On the validity of reading assessments. Relationships between teacher judgements, external tests and pupil self-assessments
Stefan Johansson
Professor Monica Rosén och universitetslektor Eva Myrberg
Professor Astrid Pettersson, Stockholms universitet
Göteborgs universitet
2013-02-25
On the validity of reading assessments. Relationships between teacher judgements, external tests and pupil self-assessments
Institutionen för pedagogik och specialpedagogik
Abstrakt
Många aktörer i skolan och samhället i stort har intresse av validiteten i de slutsatser som dras på grundval av olika bedömningsformer. I den här avhandlingen undersöks validitetsaspekter i olika bedömningsformer, närmare bestämt lärares bedömningar, resultat på ett standardiserat läsprov och elevers självskattningar i årskurs 3 och 4. Data inhämtades från den internationella undersökningen PIRLS 2001 (Progress in International Reading Literacy Study, 2001) och ca 11000 elever och 700 lärare deltog. Strukturell ekvationsmodellering med latenta variabler utgjorde den huvudsakliga metoden för analys. Ett av de viktigaste resultaten var att lärare väl kunde skatta elevernas språkliga kunskaper inom den egna klassen, medan de däremot har svårare att göra detta på ett samstämmigt och likvärdigt sätt över klassrum. Resultaten tyder också på att faktorer på elevnivå (kön och socioekonomisk status (SES)) påverkade lärarens skattningar av elevernas färdigheter. Flickor och elever med högre SES fick lite högre lärarbedömning jämfört med pojkar och elever som hade lägre SES, som hade samma resultat på PIRLS. En förklaring till detta kan vara att läraren väger in fler aspekter än vad provet kan mäta, exempelvis muntlig förmåga. Lärarens kompetensnivå var viktig för såväl elevernas resultat i skolan som hur väl läraren bedömde elevens kunskaper. Vidare visade resultaten att elevers självskattningar stämde relativt väl överens med såväl lärarens bedömning som elevens provresultat.

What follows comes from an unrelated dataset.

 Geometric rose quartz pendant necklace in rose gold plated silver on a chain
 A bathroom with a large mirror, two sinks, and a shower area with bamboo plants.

On the validity of reading assessments. Relationships between teacher judgements, external tests and pupil self-assessments
The purpose of this thesis is to examine validity issues in different forms of assessments; teacher judgements, external tests, and pupil self-assessment in Swedish primary schools. The data used were selected from a large-scale study––PIRLS 2001––in which more than 11000 pupils and some 700 teachers from grades 3 and 4 participated. The primary method used in the secondary analyses to investigate validity issues of the assessment forms is multilevel Structural Equation Modeling (SEM) with latent variables. An argument-based approach to validity was adopted, where possible weaknesses in assessment forms were addressed.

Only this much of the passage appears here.